Younger transplant recipients fare better with COVID-19 vaccine
Children between the ages of 12 and 18 who have received solid organ transplants appear to mount a more robust immune response than their adult counterparts after a standard two-dose vaccination regimen against SARS-CoV-2, the virus that causes COVID-19, according to research from Johns Hopkins Medicine as reported in a news release.
The research was published in the American Journal of Transplantation.
“We found that nearly three-fourths of the pediatric transplant recipients we studied had a positive and protective antibody response after receiving two doses of the Pfizer/BioNTech messenger RNA [mRNA] vaccine, in contrast with many adult transplant recipients evaluated in previous Johns Hopkins Medicine studies who needed a third dose,” says Douglas Mogul, MD, PhD, MPH, Associate Professor of Pediatrics at Johns Hopkins Children’s Center and the Johns Hopkins University School of Medicine.

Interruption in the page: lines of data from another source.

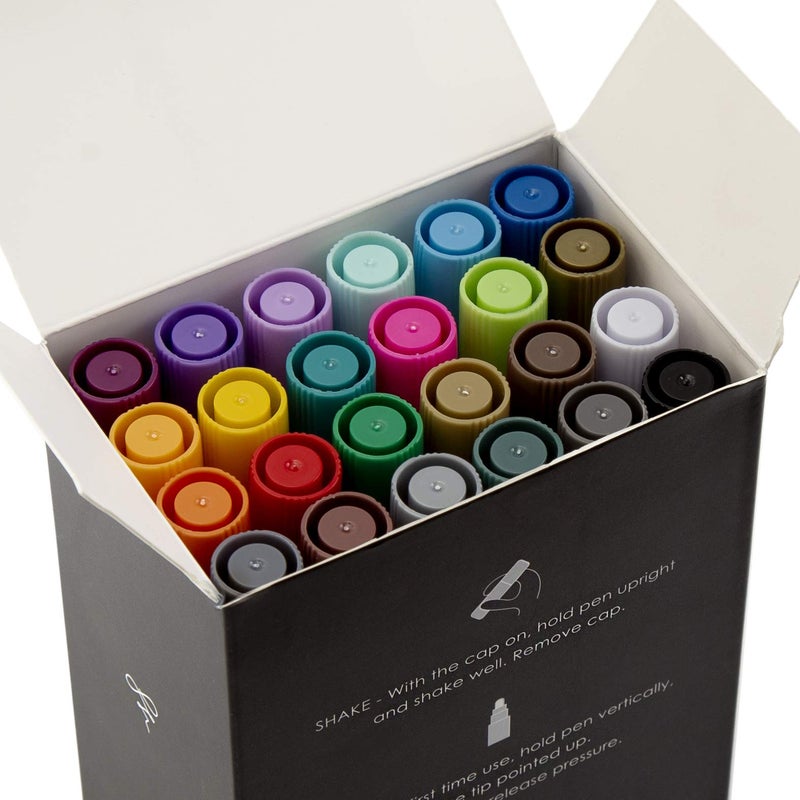 Brilliant Bee â€“ Acrylic Paint Pens â€“ Color Markers for Rock, Glass, Ceramic, Wood, Fabric, and Paper â€“ 2mm Fine Felt Brush Tip, Water-Based, Permanent Color â€“ 24 Pack - Image 3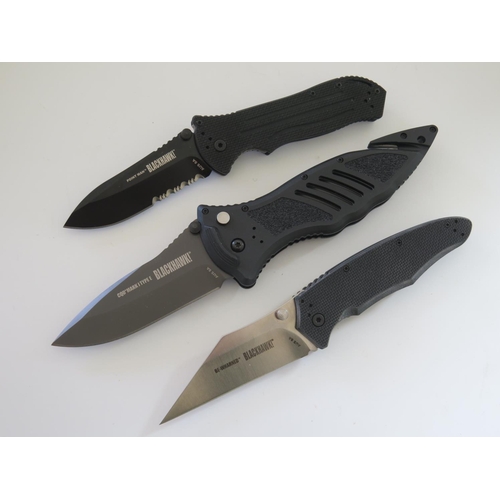 300 - Three Blackhawk! Knives: Point Man Serrated Black 15PM11BK, Be Wharned BB15BW01SL and CQD Mark 1 Typ... 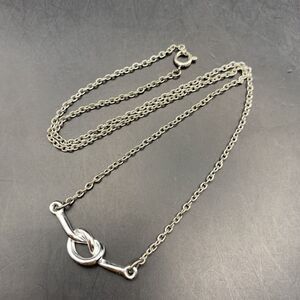 Dainty Pretzel Knot Bar Pendant Necklace Silver Tone Bar Classic Vintage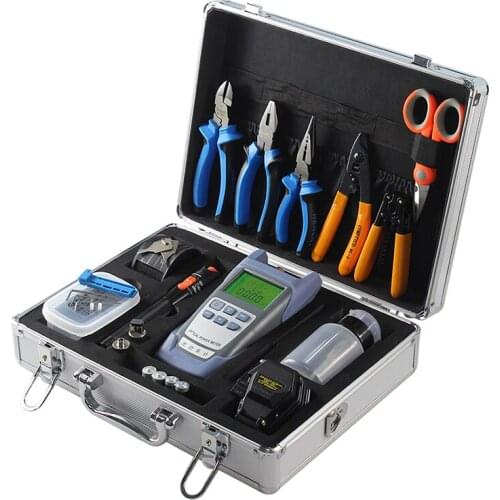 Fiber Optic Tools Box with Optical Power Meter VFL Laser Source 10mw Fiber Cleaver and Wire Cable Strippers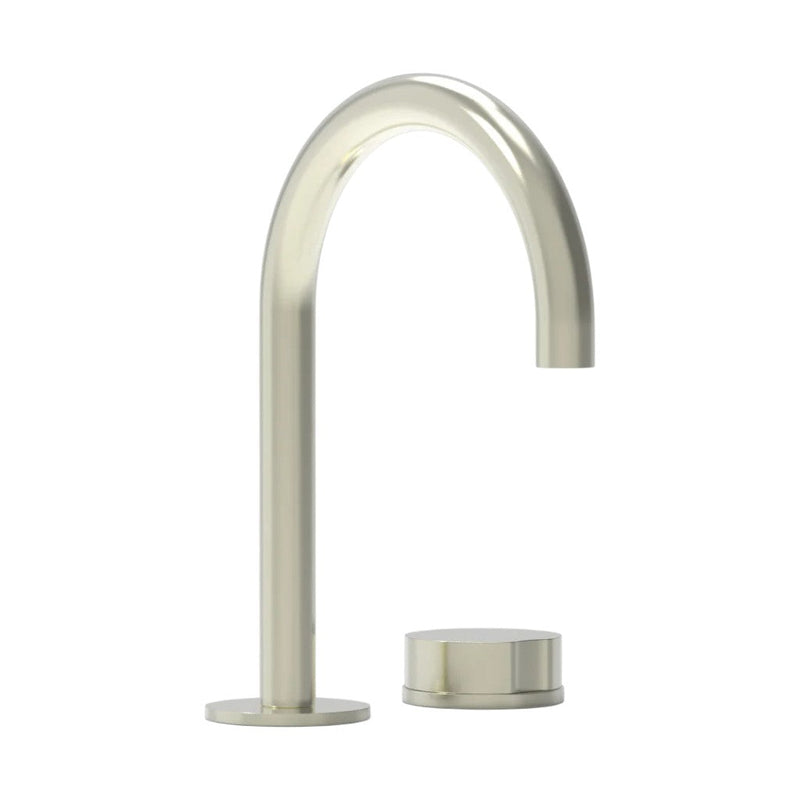 Circ Round Single Handle High Spout Bathroom Faucet - Widespread - 6" Brass/Satin Nickel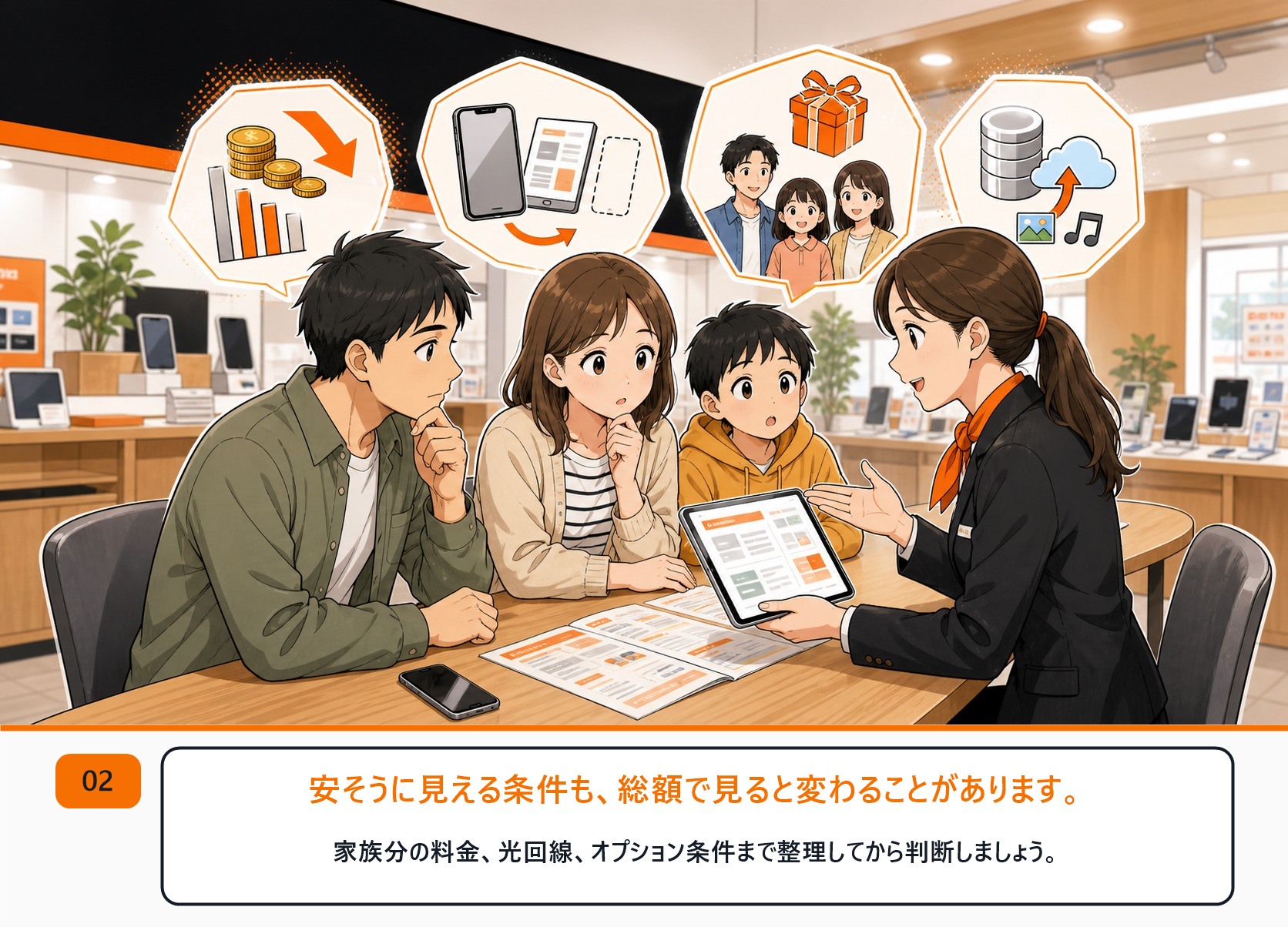 家族割や総額を比較してから乗り換えを判断する漫画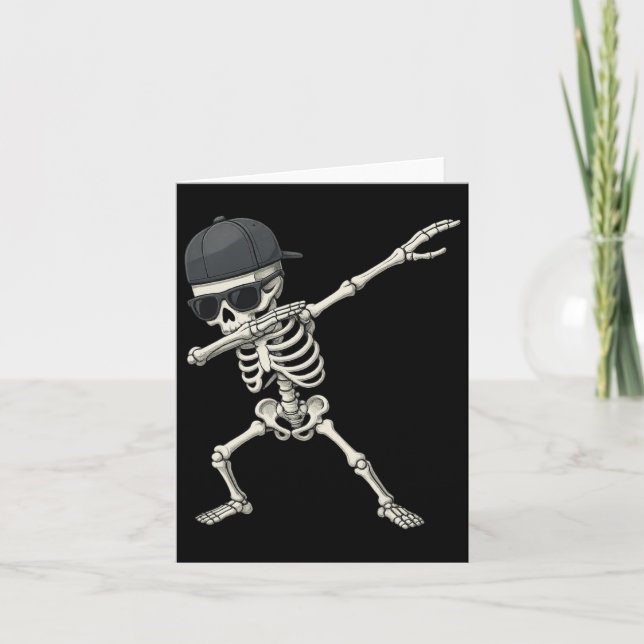 Dabbing Skeleton Pirat Halloween Kids Jolly Roger Kort (Framsida)
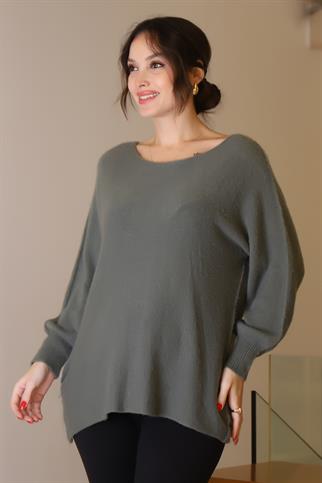 GENİŞ YAKA UZUN KOLLU  HAKİ KADIN KAZAK 818-2K5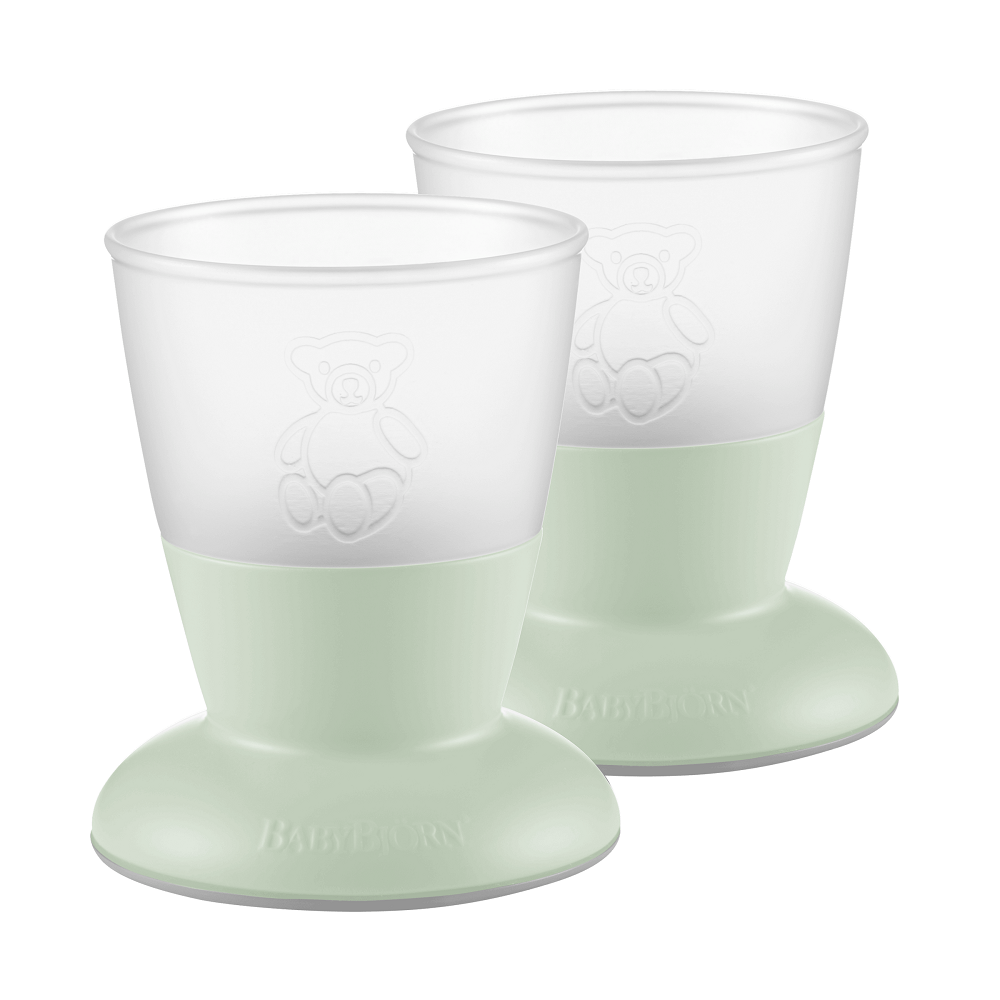 Baby Bjorn Baby Cup 2-Pack (Powder Green)-Feeding-Baby Bjorn-026163 PG-babyandme.ca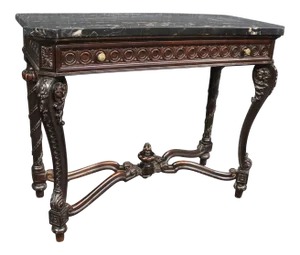 Regency Style Carved Mahogany Black Marble Console Table
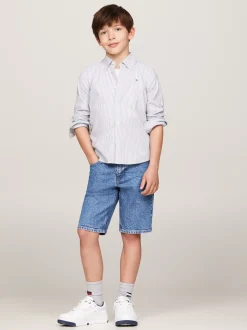 Koszule*Tommy Hilfiger Koszula Essential Flex W Delikatne Prążki AEGEAN SEA/WHITE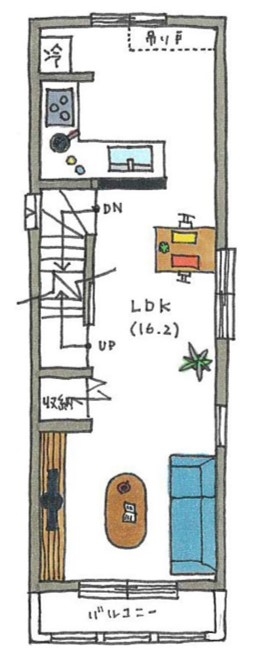 アトリエ・クラッセ 一級建築士事務所 京都・宇治│1000万円台｜25坪台｜間取図　狭小地でも駐車場を確保！理想的なかっこいい3階建ての家の間取り図（3LDK）２階
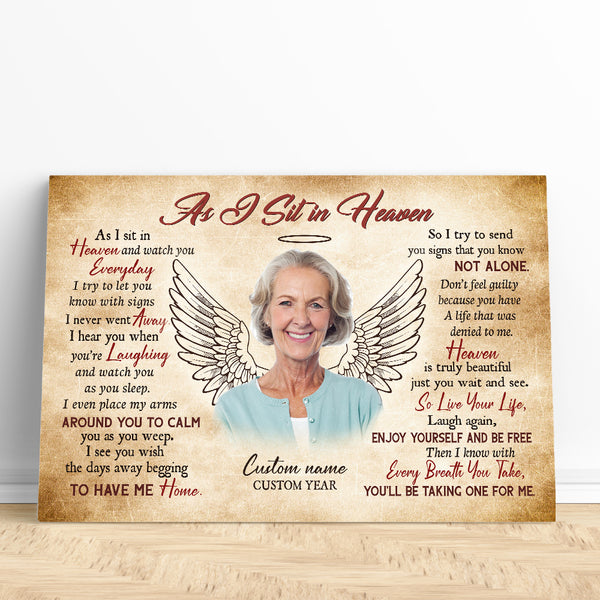 As I Sit in Heaven Memorial Canvas, Personalized Sympathy Gift for Loss of Father Mother NXM178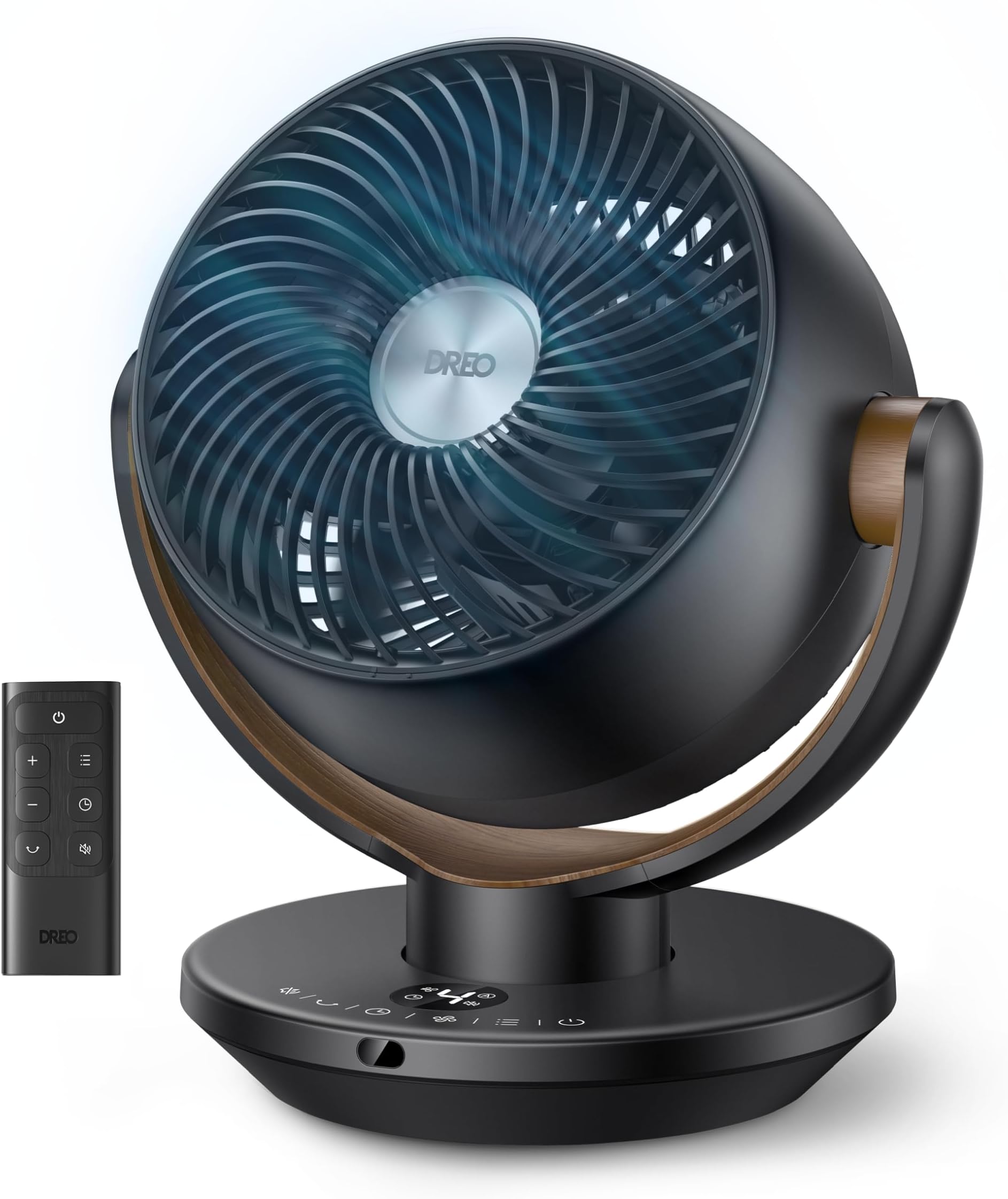 Dreo Room Fan, Computer Air Fan with Remote Control, 28cm Whole Room Table Fan, Powerful Airflow of 1.8 m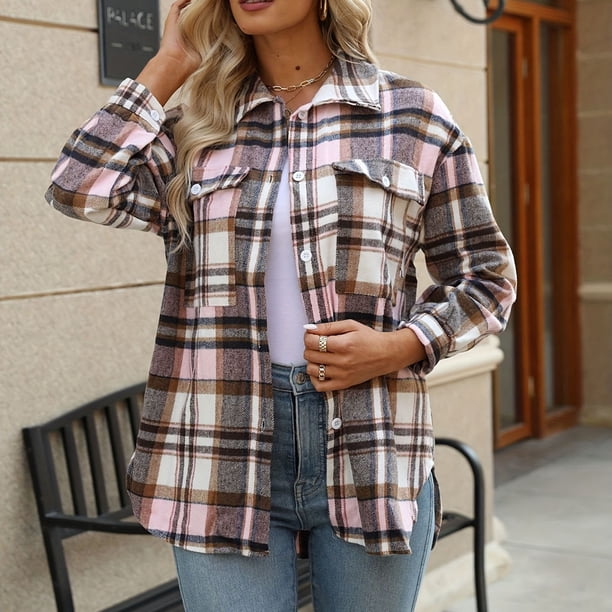 Puntoco Moda Mujer Cuadros Impresión Cárdigan Botón Abrigo Blusa Outwear Camisas Outwear Puntoco Puntoco-1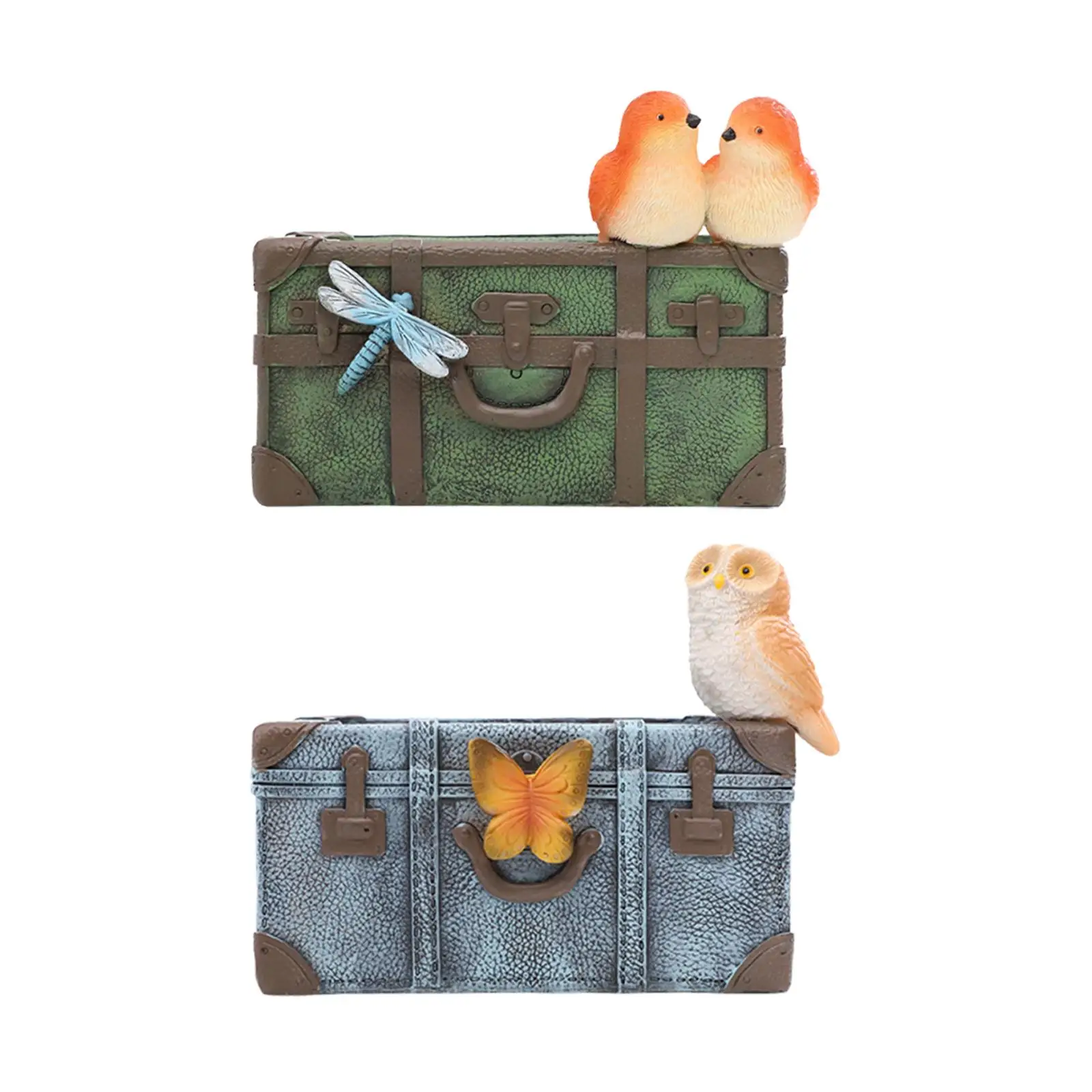 

Resin Plant Pot Suitcase Shape Miniature Fairy Garden Figurine with Drainage Hole for Micro Landscape Props Desk Nursery Outdoor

People who receive solid organ transplants (such as hearts, lungs and kidneys) often must take drugs to suppress their immune systems and prevent rejection. Such regimens may interfere with a transplant recipient’s ability to make antibodies to foreign substances, including the protective ones produced in response to vaccines.
When Johns Hopkins Medicine researchers previously looked at the COVID-19 vaccine response of adult transplant recipients, they found in one study that only 17% of the participants produced sufficient antibodies after one dose of either the Pfizer/BioNTech or Moderna mRNA vaccine. Then, in a second study, they found the level improved to 54% after a second shot. In both studies, even those transplant recipients who produced antibodies had levels (known as antibody titers) well below what has been typically seen in people with healthy immune systems.
A third Johns Hopkins Medicine study looked at immune response for adult transplant recipients after a third mRNA vaccine dose. The findings revealed that a third of those who had negative antibody levels and all who had low positive levels before the booster shot increased their immune response afterward.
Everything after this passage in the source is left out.